**HOW TO COMPLETE THIS TASK**. Reproduce the records below in full and word for word, excluding pictures.

(SOURCE MATERIAL begins)

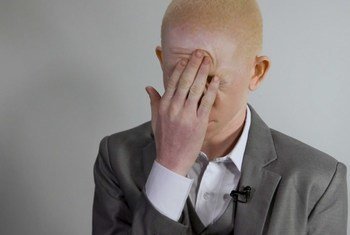 Embora não existam dados completos, a prevalência do albinismo é maior entre populações indígenas e afrodescendentes.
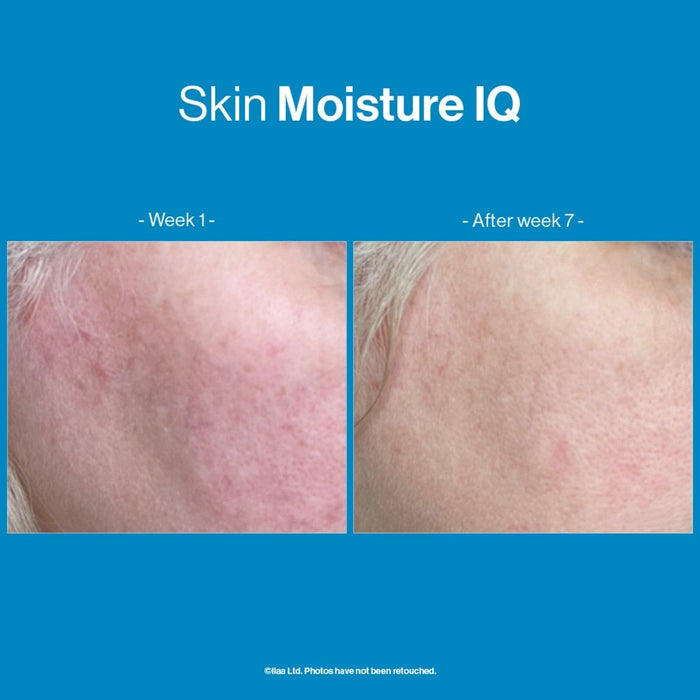 Advanced Nutrition Programme Skin Moisture IQ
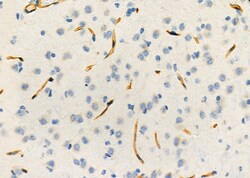 Invitrogen&trade;&nbsp;PIK3IP1 Polyclonal Antibody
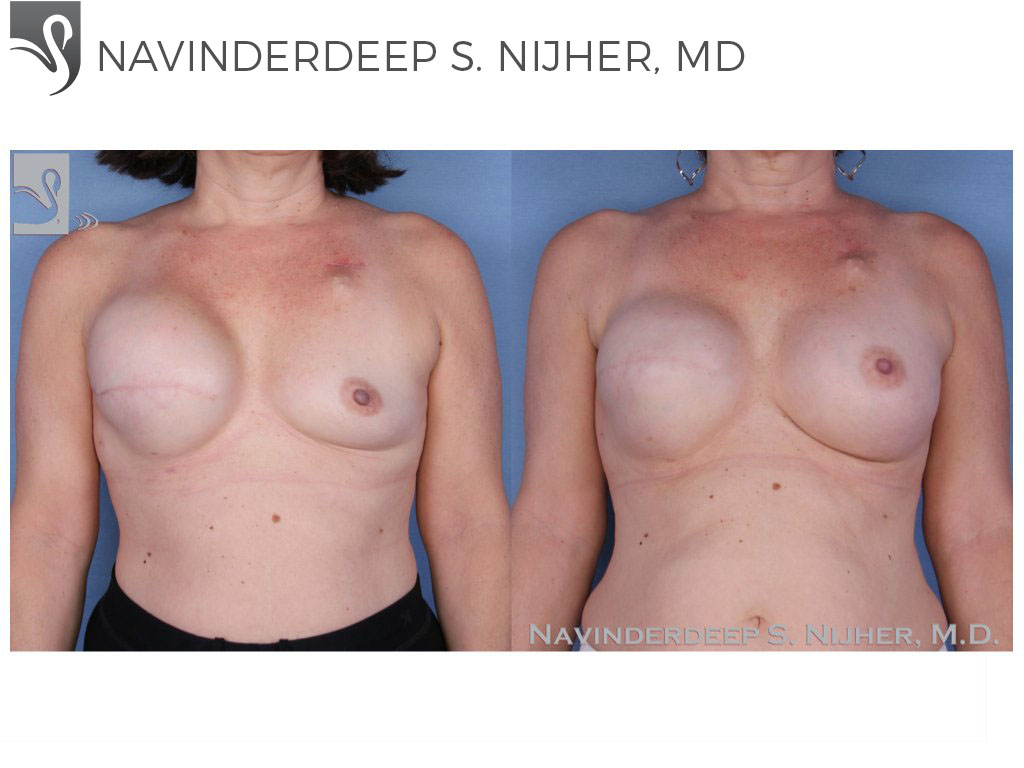 Before and After Image: Breast Reconstruction Case #15749 - front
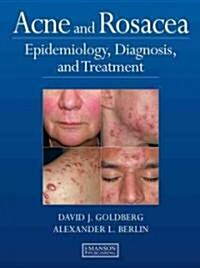 Acne and Rosacea : Epidemiology, Diagnosis and Treatment (Hardcover)
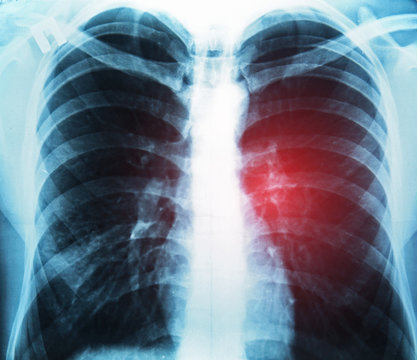 X-ray of human chest, closeup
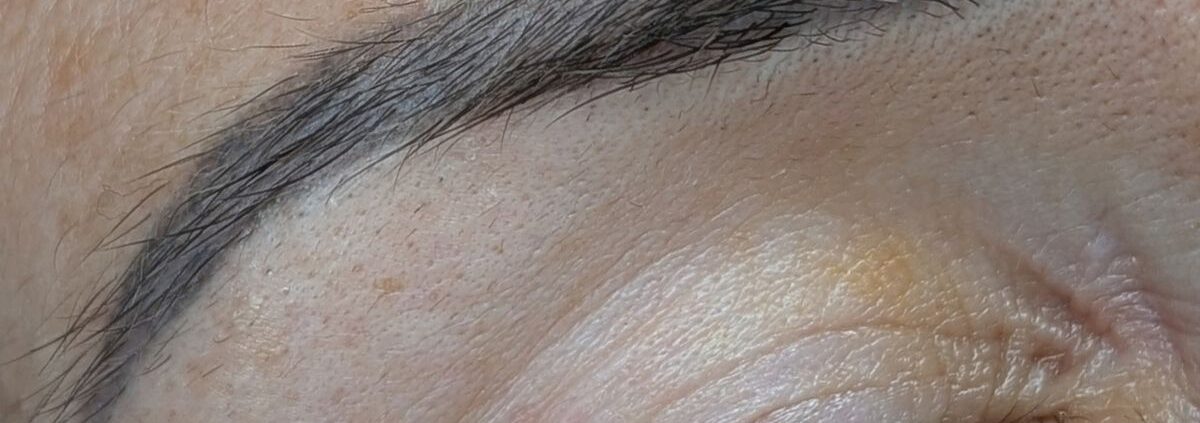 Augenbraue mit grau gewordenem Permanent Make-up, Ausgangslage für die Farbkorrektur bei Miderma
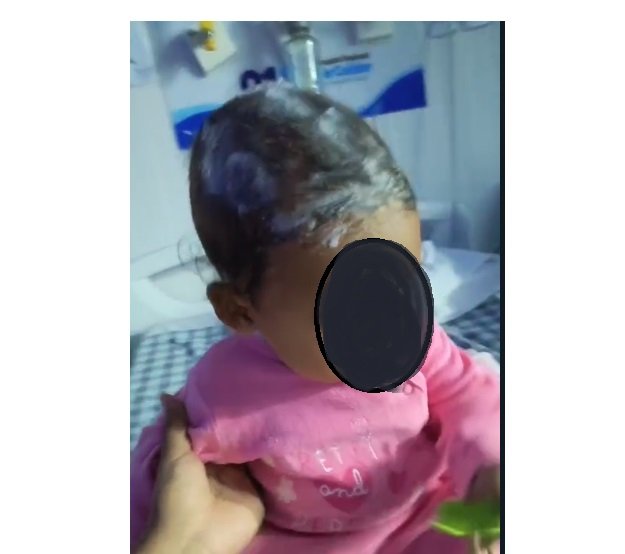 URGENTE: Bebe de apenas 6 meses fica ferida em explosão de transformador no aniversário de NSH/MT. (Video)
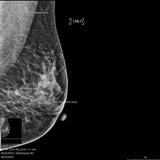 Mamografía 3D-tomosintesis: nueva herramienta de evaluación para la detección temprana del cáncer de seno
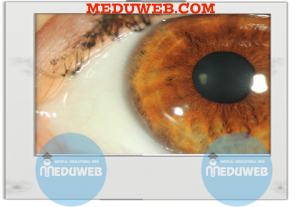 Axenfeld-Rieger syndrome(ARS)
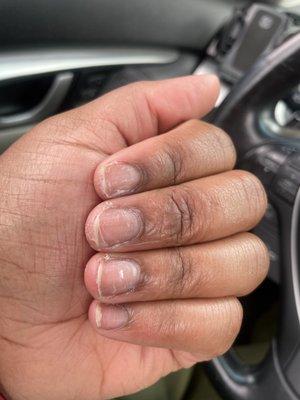 Nails after soak off.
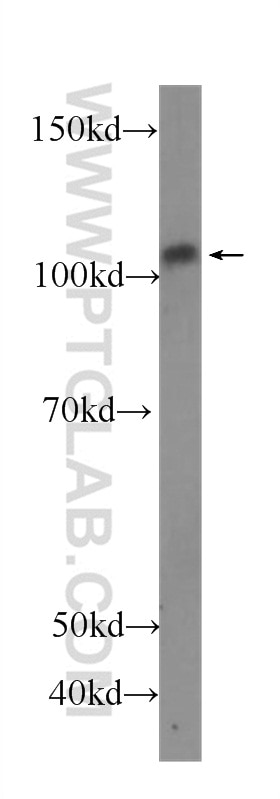 Western Blot (WB) analysis of Jurkat cells using P-selectin / CD62P Monoclonal antibody (60322-1-Ig)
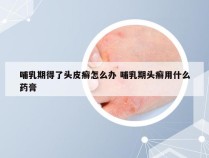 哺乳期得了头皮癣怎么办 哺乳期头癣用什么药膏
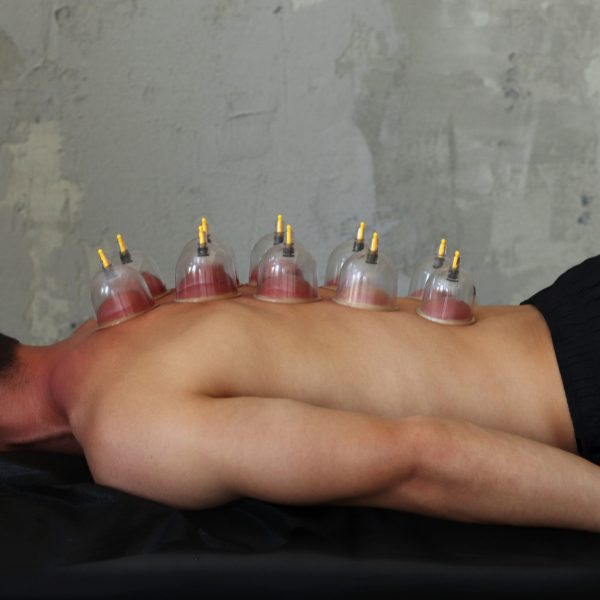 cupping massage Loyaal Thai massage bindweefselmassage cellulitis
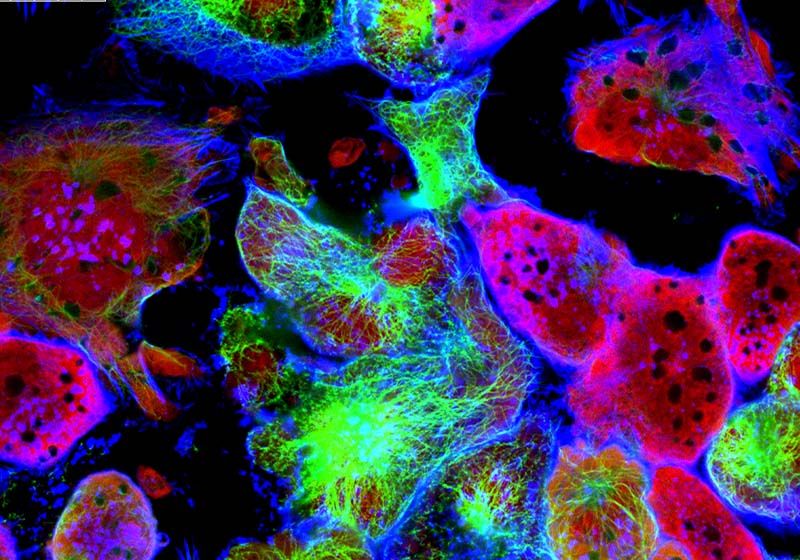 Seeing is Believing with Automated Single Cell Precision Imaging | The ...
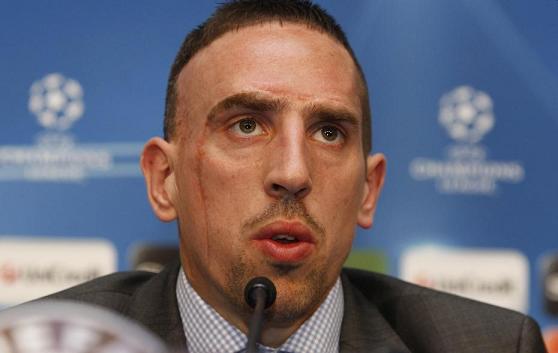 franck-ribery franck-ribery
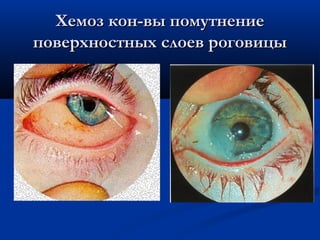 Хемоз кон-вы помутнение
поверхностных слоев роговицы
 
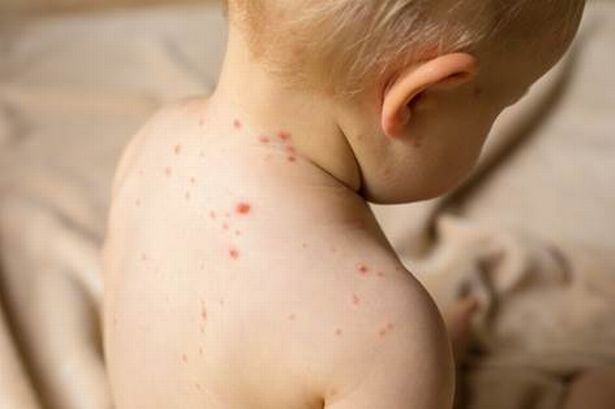 Doctors' measles warning amid 'devastating resurgence' – see the outbreaks where you live Doctors' measles warning amid 'devastating resurgence' – see the outbreaks where you live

(SOURCE MATERIAL ends)

**RESULT**.
 Embora não existam dados completos, a prevalência do albinismo é maior entre populações indígenas e afrodescendentes.
 Advanced Nutrition Programme Skin Moisture IQ
 Invitrogen&trade;&nbsp;PIK3IP1 Polyclonal Antibody
 Before and After Image: Breast Reconstruction Case #15749 - front
 Acne and Rosacea : Epidemiology, Diagnosis and Treatment (Hardcover)
 X-ray of human chest, closeup
 Augenbraue mit grau gewordenem Permanent Make-up, Ausgangslage für die Farbkorrektur bei Miderma
 URGENTE: Bebe de apenas 6 meses fica ferida em explosão de transformador no aniversário de NSH/MT. (Video)
 Mamografía 3D-tomosintesis: nueva herramienta de evaluación para la detección temprana del cáncer de seno
 Axenfeld-Rieger syndrome(ARS)
 Nails after soak off.
 Western Blot (WB) analysis of Jurkat cells using P-selectin / CD62P Monoclonal antibody (60322-1-Ig)
 哺乳期得了头皮癣怎么办 哺乳期头癣用什么药膏
 cupping massage Loyaal Thai massage bindweefselmassage cellulitis
 Seeing is Believing with Automated Single Cell Precision Imaging | The ...
 franck-ribery franck-ribery
 Хемоз кон-вы помутнение
поверхностных слоев роговицы
 
 Doctors' measles warning amid 'devastating resurgence' – see the outbreaks where you live Doctors' measles warning amid 'devastating resurgence' – see the outbreaks where you live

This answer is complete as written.